▶ _ABOUT THIS EXERCISE_:
Your copy should begin at the line containing "Dendrolycopodium dendroideum" and end at the last line of the records; transcribe those lines exactly and leave out every picture.

+===+

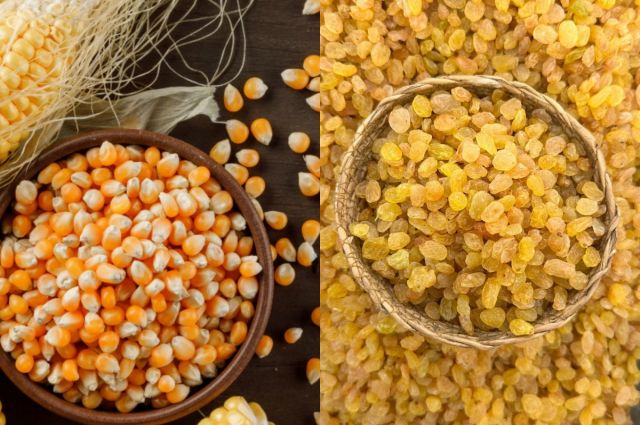 TMO, Mısır ve Kuru Üzüm Alım Ödemelerinde 1,3 Milyar TL’yi Üreticilerin Hesaplarına Aktardı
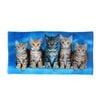 Curious Kittens Cotton Beach Towel 75 x 150 cm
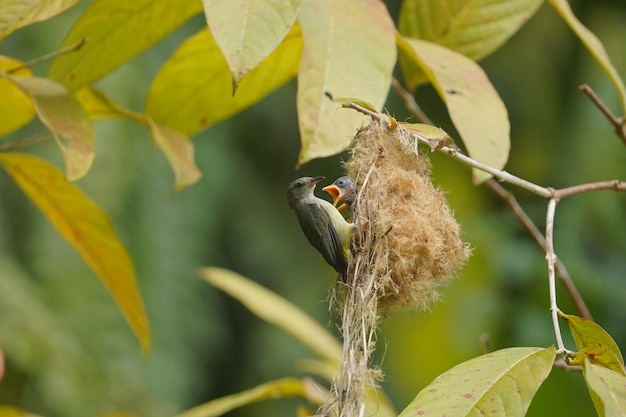 an orangebellied flowerpecker is feeding its chicks in the nest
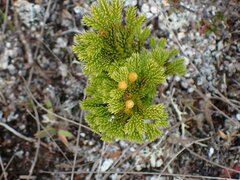 Dendrolycopodium dendroideum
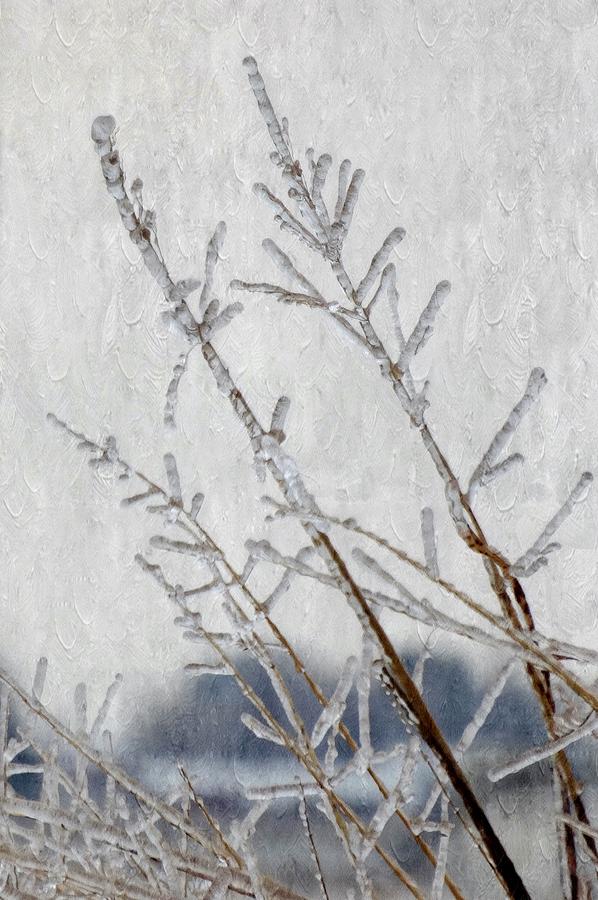 Frozen Grass Photograph by Annie Adkins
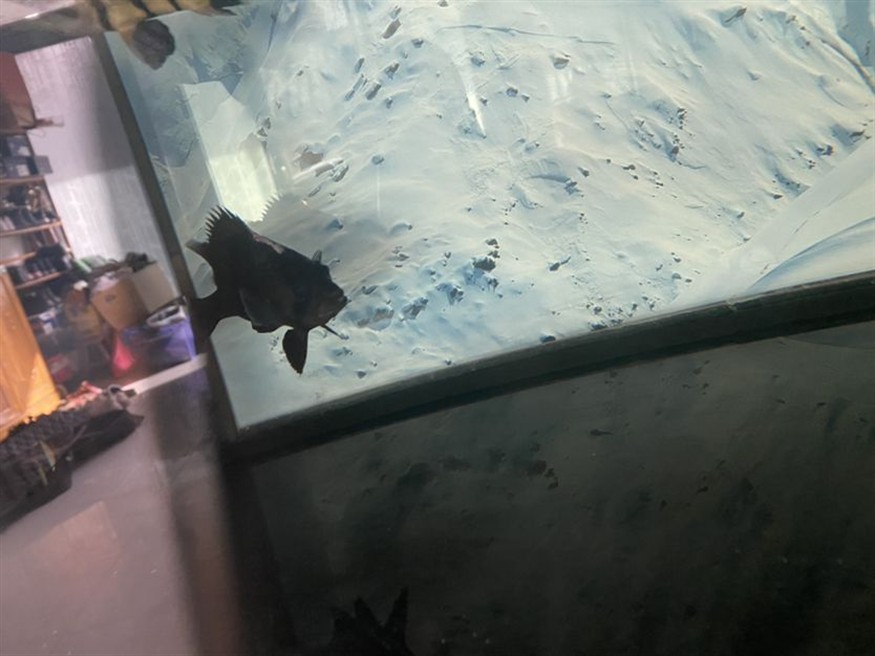 虎魚這個(gè)頭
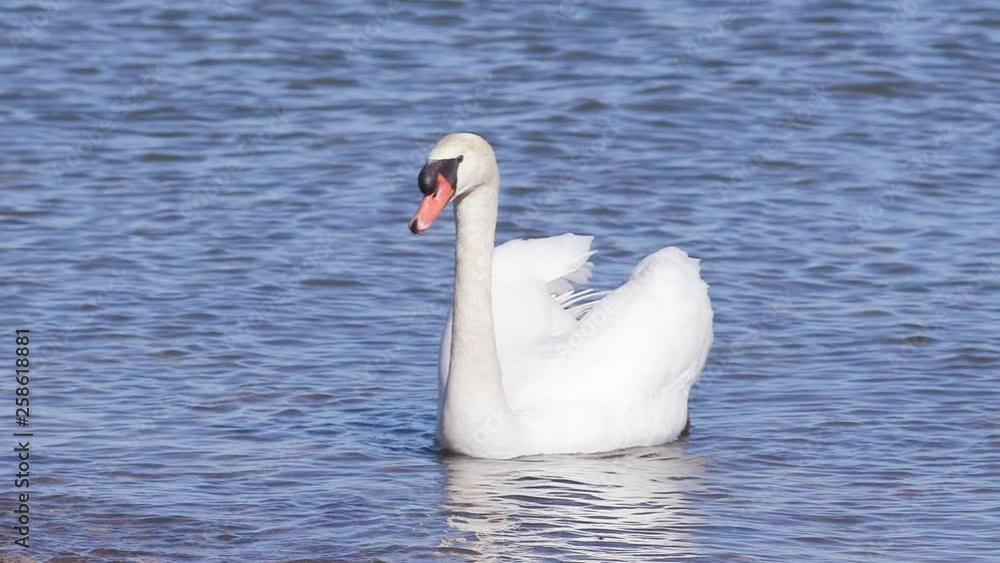 A beautiful swan drifts towards the shore of a lake and dunks head in the water looking for food. Slow motion. A beautiful swan drifts towards the shore of a lake and dunks head in the water looking for food. Slow motion.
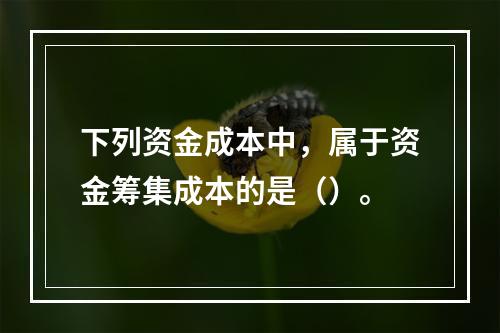 下列资金成本中，属于资金筹集成本的是（）。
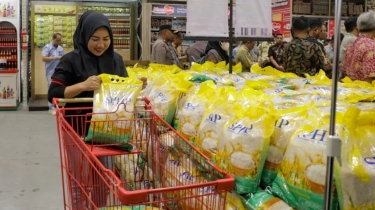 Penyebab Harga Beras Naik Belakangan Ini, BPS Ungkap Datanya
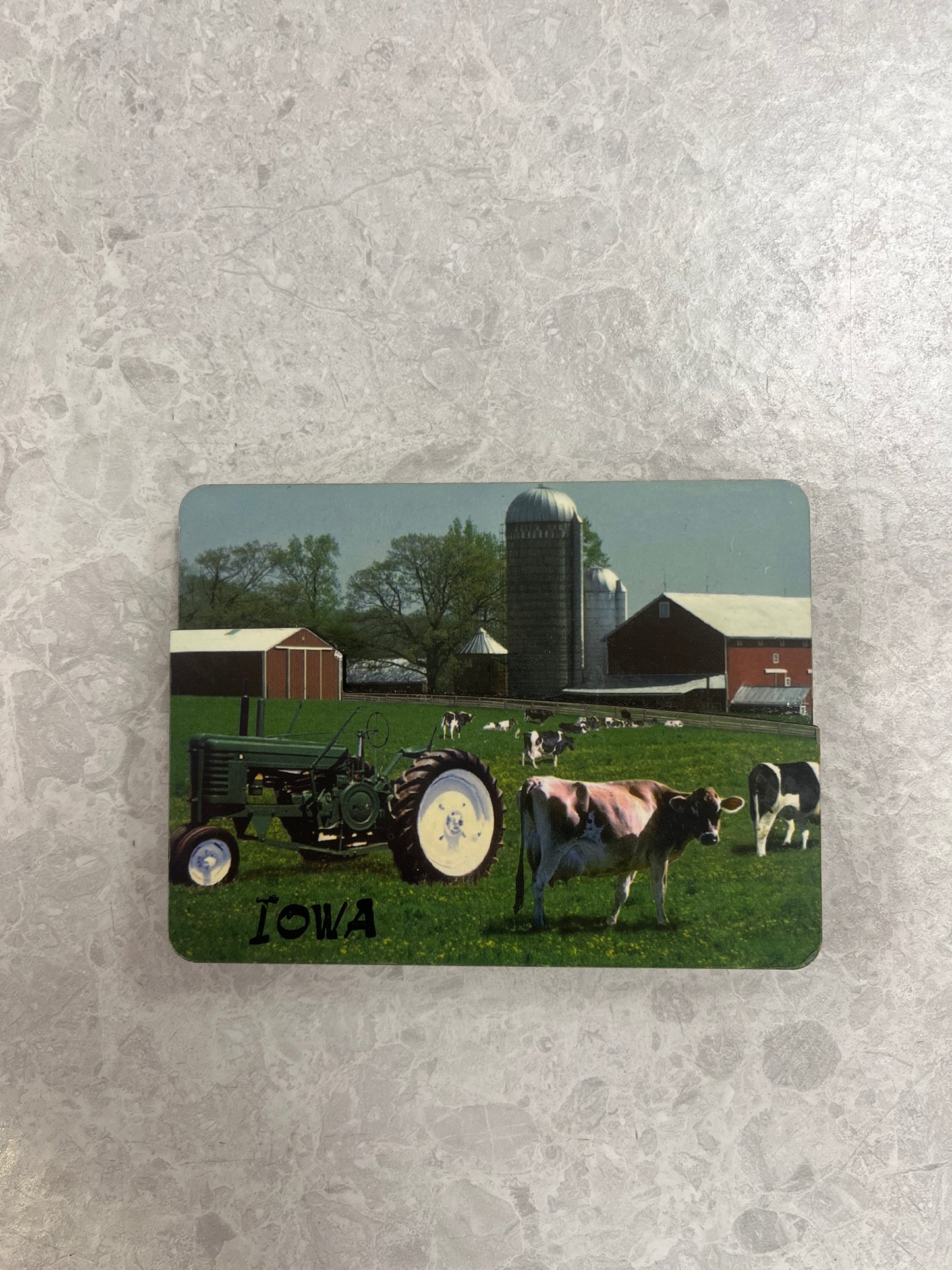 3-D Farm Scene Magnet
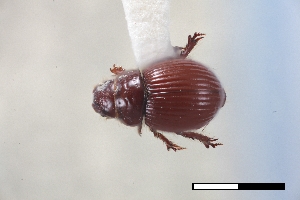  ( - USNM ENT 02004713)  @11 [ ] Unspecified (default): All Rights Reserved  Unspecified Unspecified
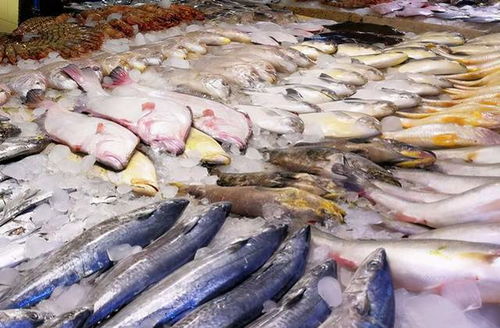鯉魚價(jià)格翻倍,鯽魚上漲6元,草魚漲破10元 水產(chǎn)品市場(chǎng)咋回事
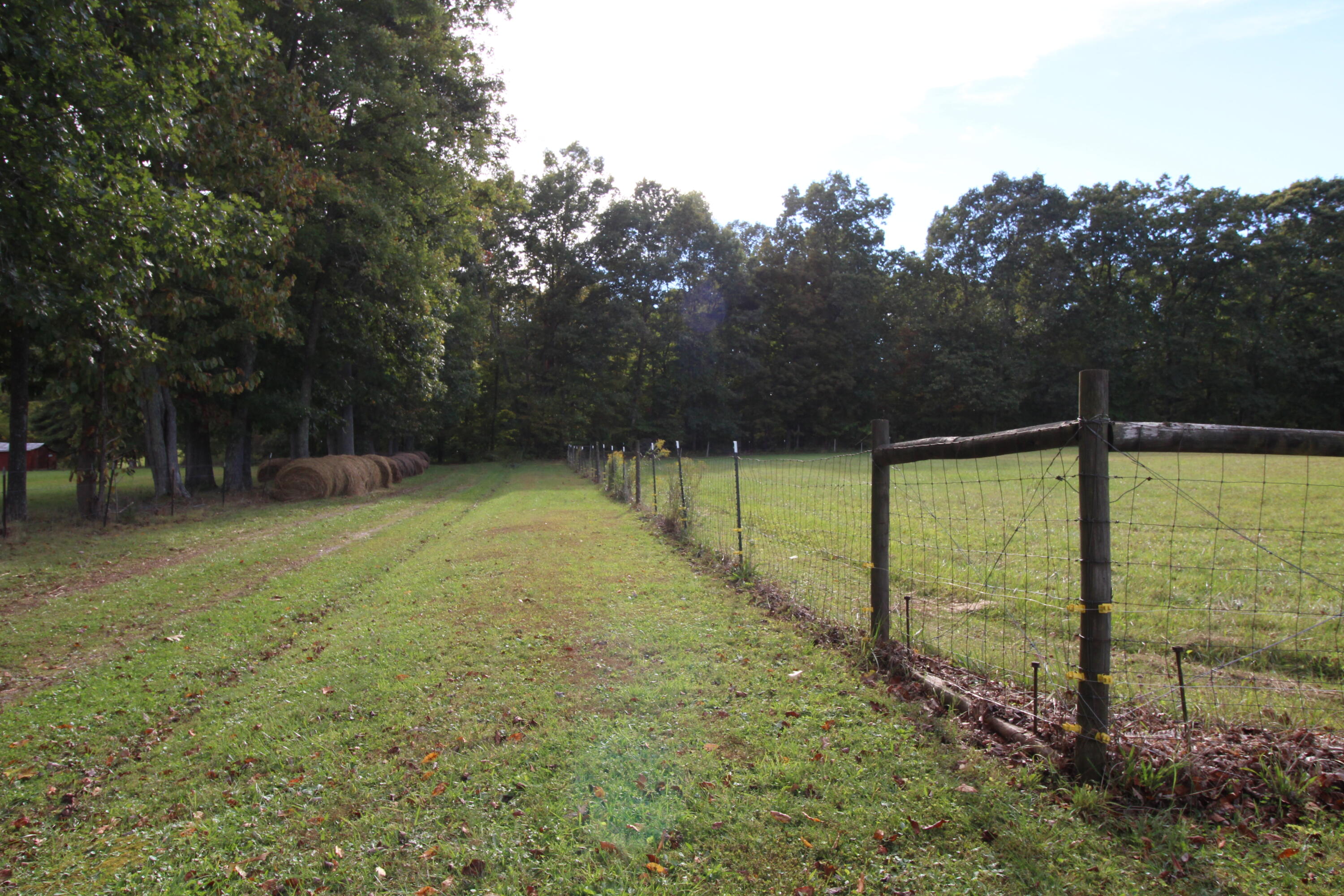 96 Ranchero Road Wayside, WV 24985 - Photo 20 of 45 Gallery Image 20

+===+

▶ _OUTPUT BELOW_:
 Dendrolycopodium dendroideum
 Frozen Grass Photograph by Annie Adkins
 虎魚這個(gè)頭
 A beautiful swan drifts towards the shore of a lake and dunks head in the water looking for food. Slow motion. A beautiful swan drifts towards the shore of a lake and dunks head in the water looking for food. Slow motion.
 下列资金成本中，属于资金筹集成本的是（）。
 Penyebab Harga Beras Naik Belakangan Ini, BPS Ungkap Datanya
 3-D Farm Scene Magnet
  ( - USNM ENT 02004713)  @11 [ ] Unspecified (default): All Rights Reserved  Unspecified Unspecified
鯉魚價(jià)格翻倍,鯽魚上漲6元,草魚漲破10元 水產(chǎn)品市場(chǎng)咋回事
 96 Ranchero Road Wayside, WV 24985 - Photo 20 of 45 Gallery Image 20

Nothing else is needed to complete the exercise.